Segment Start: Dataset excerpt

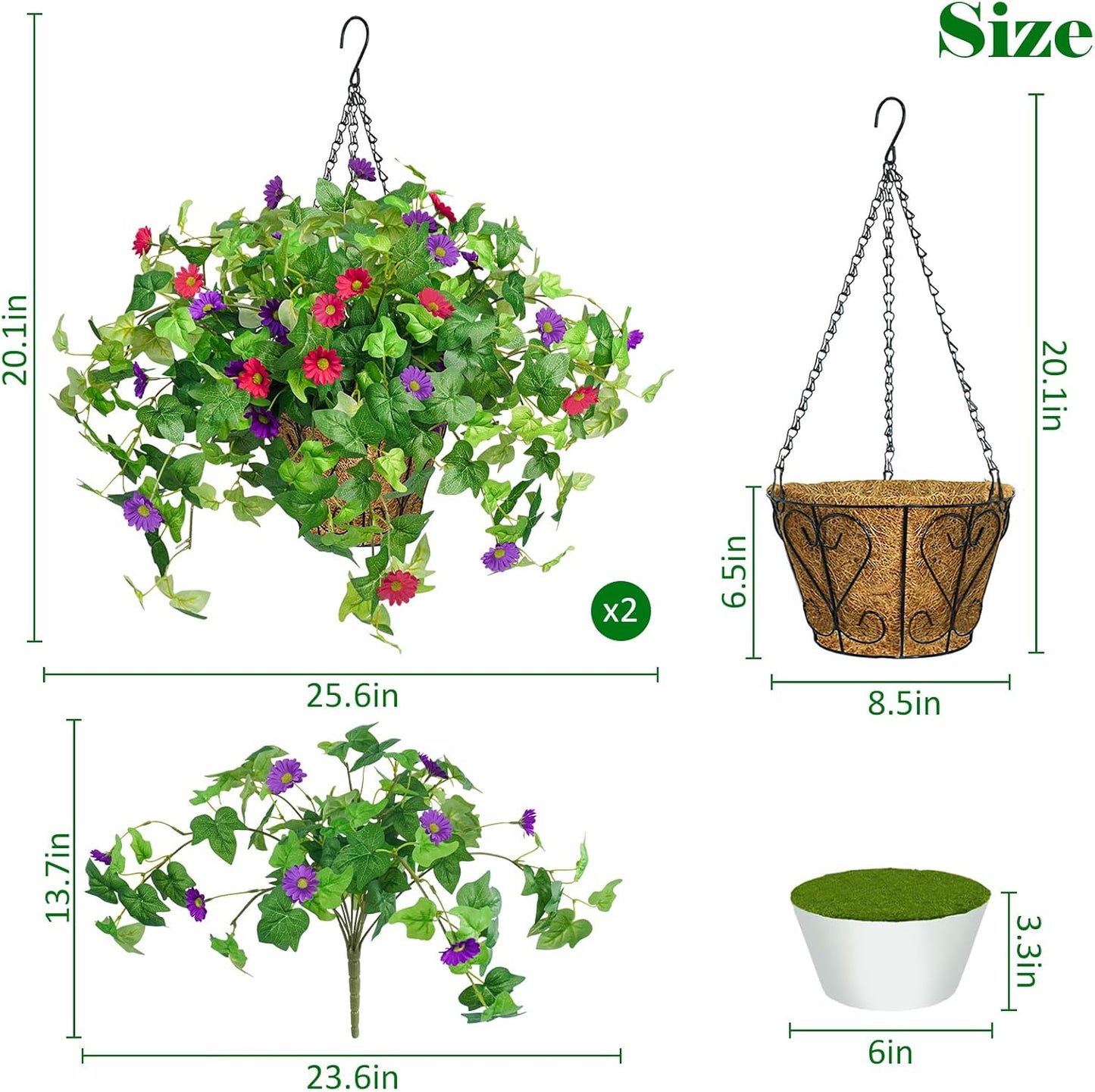 3 Pcs Artificial Flowers for Outdoors UV Resistant Fake Ivy Plants Greenery Faux Silk Daisy Flowers for Outside Planters Garden Porch Window Box Balcony Summer Home Decor (Rose Red,Pink)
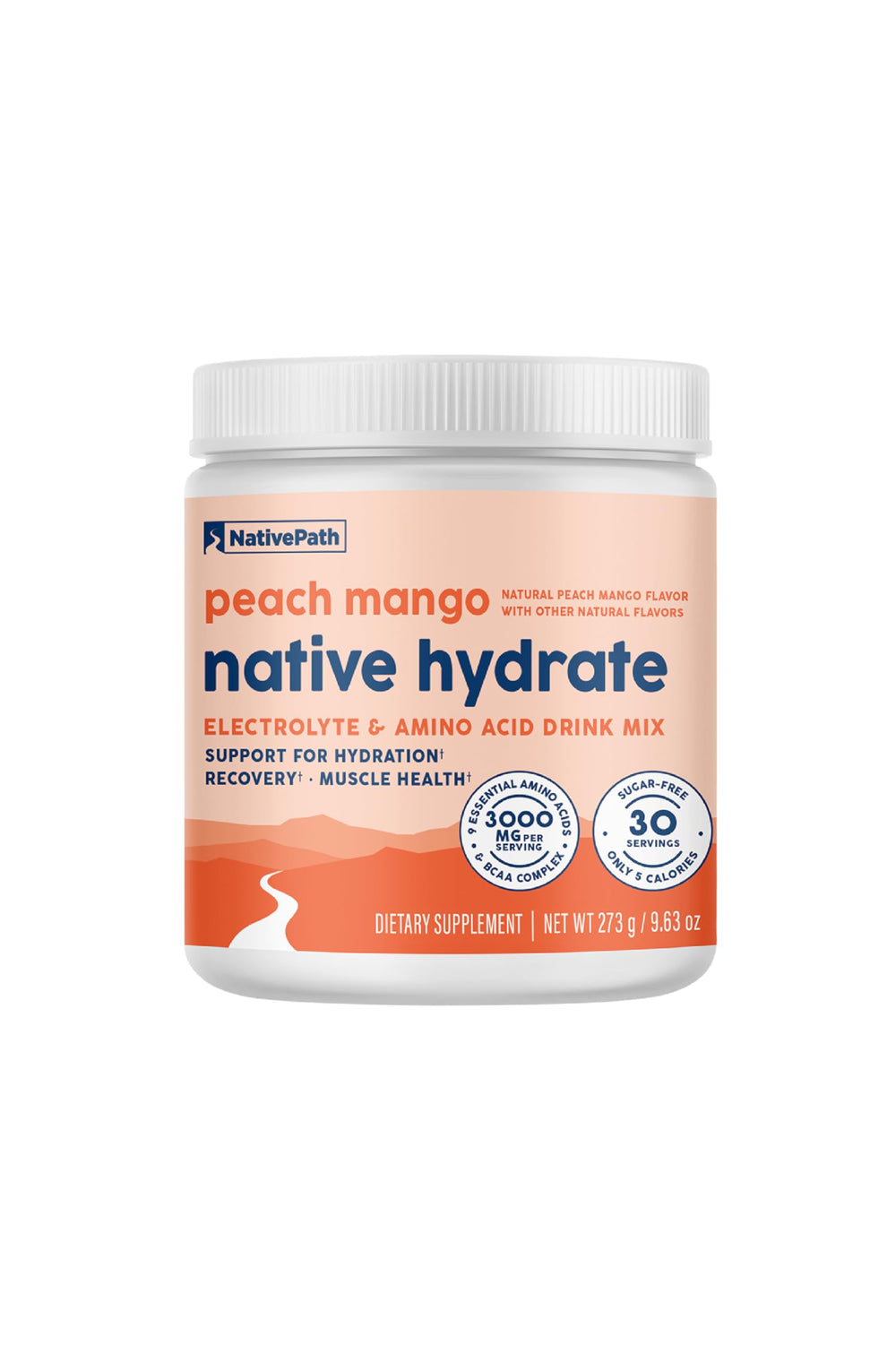 NativePath Native Hydrate powder tub close-up for balanced hydration.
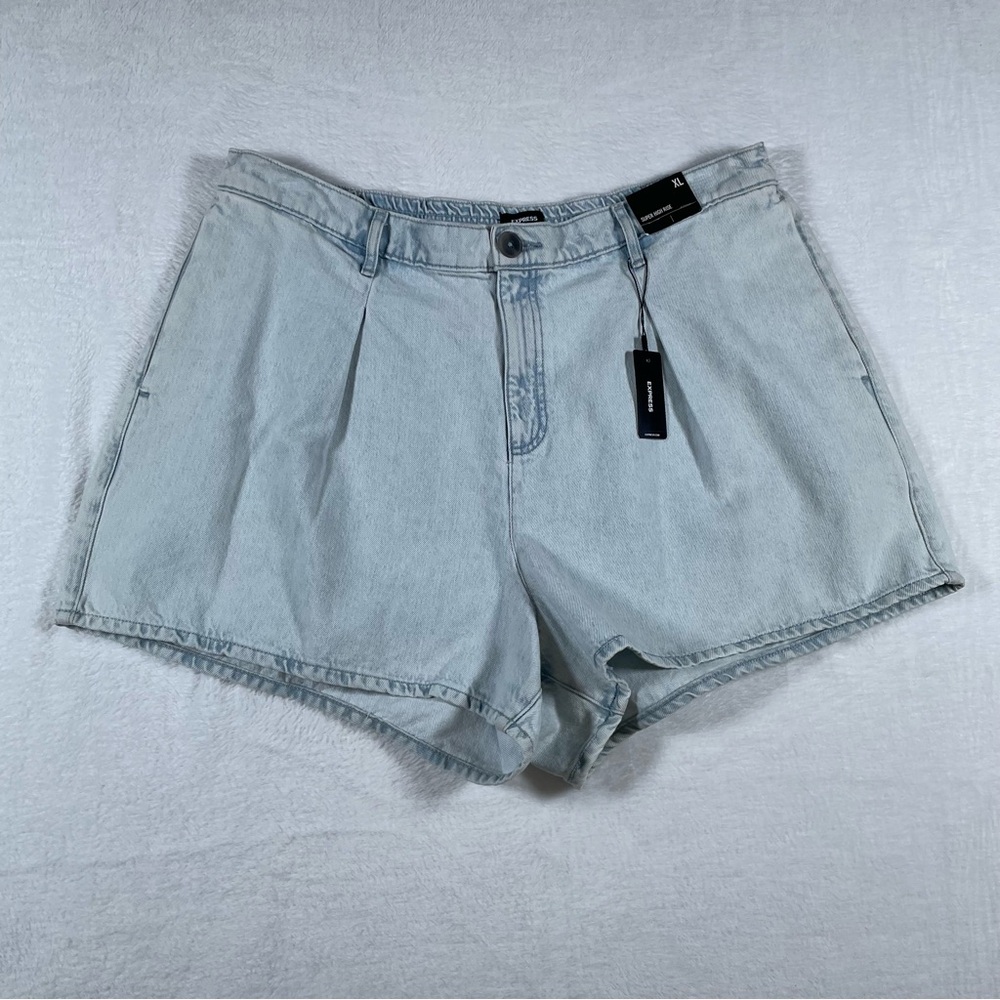 NEW! Express Super High Rise Denim Shorts Womens XL 100% COTTON Elastic Back NWT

Segment End: Dataset excerpt

What the task asks: The reply should contain all of the data above, word for word, with no pictures.

Answer box:
 3 Pcs Artificial Flowers for Outdoors UV Resistant Fake Ivy Plants Greenery Faux Silk Daisy Flowers for Outside Planters Garden Porch Window Box Balcony Summer Home Decor (Rose Red,Pink)
 NativePath Native Hydrate powder tub close-up for balanced hydration.
 NEW! Express Super High Rise Denim Shorts Womens XL 100% COTTON Elastic Back NWT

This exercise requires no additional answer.